#### Task to carry out
Leaving the pictures aside, repeat the entries exactly.

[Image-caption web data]
------------------------------------------------

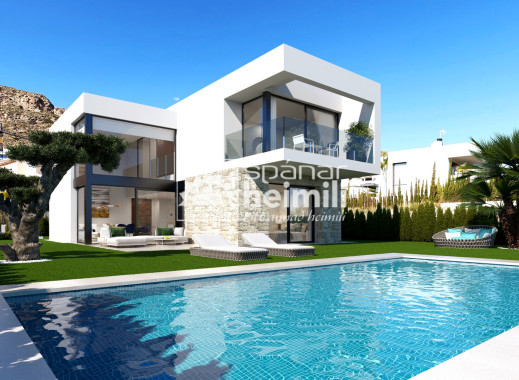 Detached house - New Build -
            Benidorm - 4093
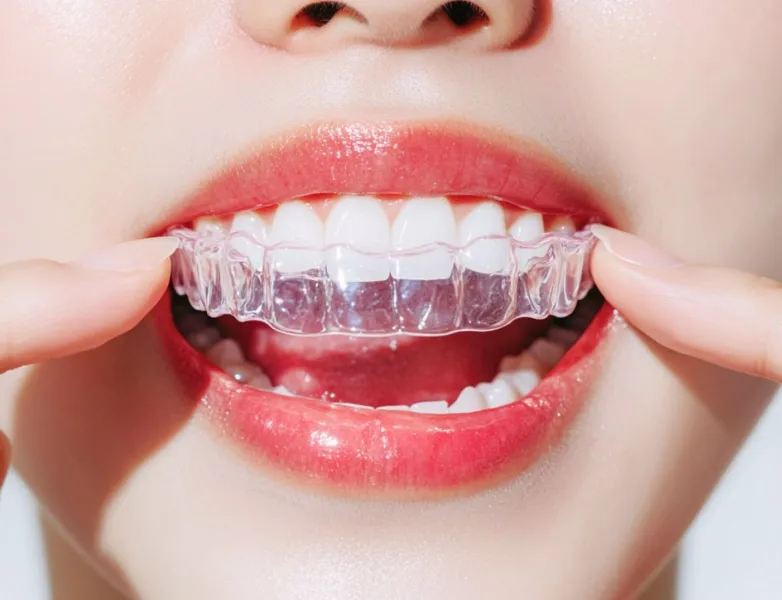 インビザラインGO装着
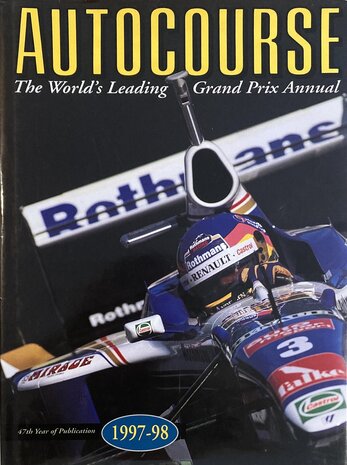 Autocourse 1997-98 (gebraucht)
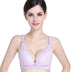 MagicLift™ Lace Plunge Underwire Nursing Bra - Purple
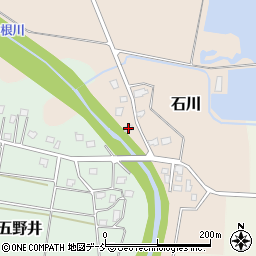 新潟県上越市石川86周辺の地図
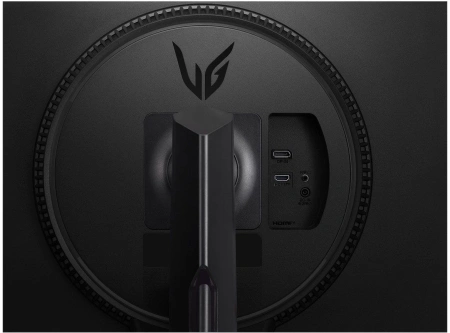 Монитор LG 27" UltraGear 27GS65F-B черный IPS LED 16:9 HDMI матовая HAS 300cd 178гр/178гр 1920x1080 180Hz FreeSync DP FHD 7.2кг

------------------------------------------------

#### The answer
 Detached house - New Build -
            Benidorm - 4093
 インビザラインGO装着
 Autocourse 1997-98 (gebraucht)
 MagicLift™ Lace Plunge Underwire Nursing Bra - Purple
 新潟県上越市石川86周辺の地図
 Монитор LG 27" UltraGear 27GS65F-B черный IPS LED 16:9 HDMI матовая HAS 300cd 178гр/178гр 1920x1080 180Hz FreeSync DP FHD 7.2кг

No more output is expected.